A seguire, per cercare di trasferire ad un livello percettivo il reale, nascono le sperimentazioni con le stereoscopie. In esse appaiono grossi alberi in primo piano con le loro fronde e sullo sfondo vi è il digradare di altri arbusti più sottili, di muschi, cortecce, ruscelli, acque, nel tentativo di rivelare in modo compiuto una sorta di ‘segretezza’.

È un guardare e un ritrovarsi a camminare in quella foresta incantata e protetta.

Scopro le affascinanti stereoscopie ottocentesche sfogliando proprio una pubblicazione arrivata direttamente dal Canada. Si tratta del catalogo della grande mostra di William Notman, fotografo scozzese fuggito proprio in Canada nel 1856 da Glasgow, per problemi negli affari economici di famiglia. Sarà il primo fotografo canadese a costruirsi una reputazione internazionale con studi fotografici in tutto il nord America.
Dall’importante pubblicazione emerge una foto che suggestiona definitivamente il mio immaginario del continente americano: un uomo completamente vestito con una folta pelliccia di orso bruno. Mi ritorna subito alla mente The Revenant. Le mani dentro le grosse maniche della pelliccia e un colbacco in testa. In tutto questo pelo sono visibili solo degli occhi chiari, magnetici. Lo sguardo primordiale e la neve che permeava questa fotografia del 1887 sono un colpo di fulmine, un amore arrivato a me dal XIX secolo.
Sono nate così alcune polaroid. Protagonista mio figlio Riccardo, vestito di solo muschio, realizzato con quello ritrovato sugli alberi di Mišček.
L’uomo del XIX secolo veniva reincarnato sotto forma di tutela dell’environment.

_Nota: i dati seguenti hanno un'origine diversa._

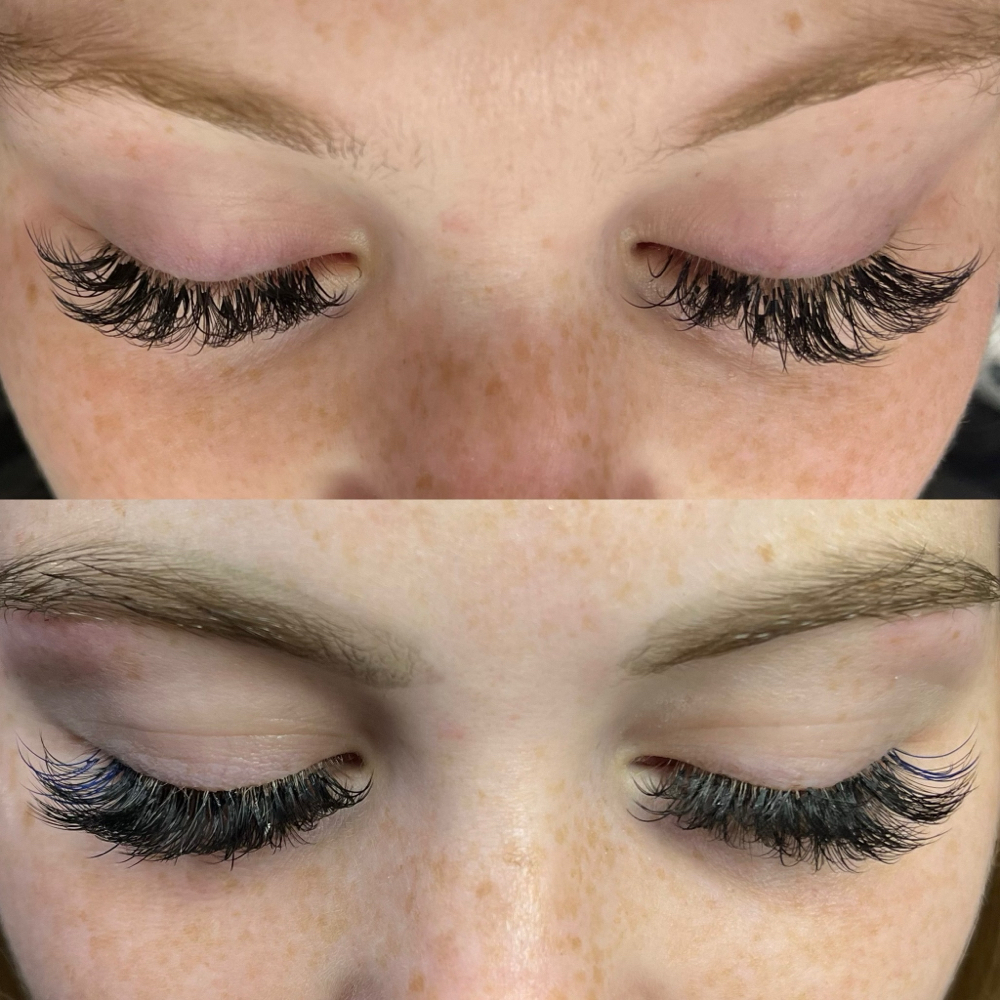 Hybrid Fill at V Rich Salon in Austin, TX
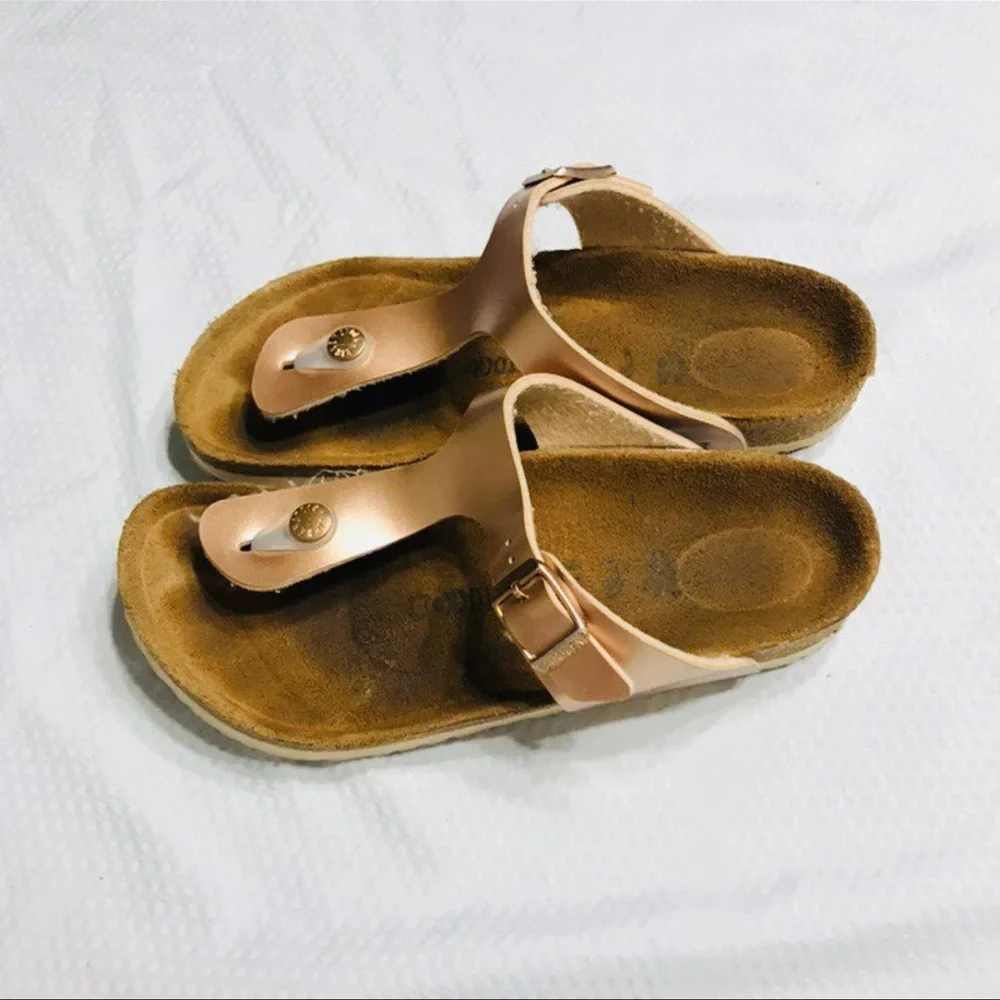 Birkenstock sandals‎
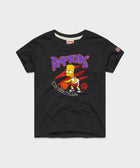 Youth The Simpsons Bart X Toronto Raptors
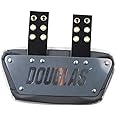 Douglas Legacy Removable Football Back Plate - 4 Inch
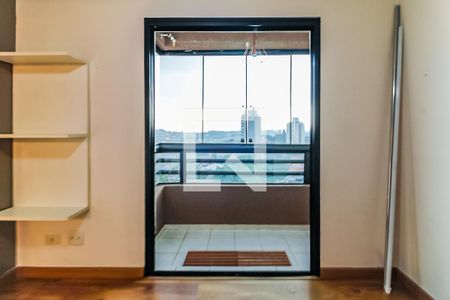 Apartamento à venda com 88m², 3 quartos e 2 vagas Apartamento à venda com 88m², 3 quartos e 2 vagasSacada do Quarto 1 - Suíte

Viaggio senza fine nel grande freddo

Nell’estate del 2016 ho fatto ritorno, per la prima volta dall’età di dieci anni, nel mio Canada. Sono partita con la famiglia alla ricerca delle mie radici canadesi. Volevo dei testimoni visivi della storia che era stata del loro nonno partito con la valigia di cartone e, poi mia, nata lì. Andando a ritroso alla ricerca dei segni delle radici mi sono persa e ritrovata nei grandi boschi delle foreste, nei grandi laghi senza orizzonte Huron, Erie, Ontario e nelle Montagne Rocciose del Banff National Park, Jasper National Park con i pini più alti del mondo e i laghi glaciali color latte e menta; nelle immense e desolate distese della parte quasi disabitata che si percorre da Jasper per raggiungere Vancouver, città sulla sponda occidentale del Canada.

Centinaia di chilometri nelle gole delle montagne dove passano solo enormi camion, fuoristrada di misura large e l’infinito tracciato della Canadian Pacific Railway, un serpente di ferro fischiante che trascina un centinaio di vagoni rosso scuro con grandi ed esaltanti scritte Canada, Alberta, British Columbia.

È l’immagine per eccellenza che esprime l’immensità di questo stato. Lì ho ritrovato il mio sguardo lasciato a nove anni.
Lì ho ritrovato il ritmo del mio respiro lungo senza fine.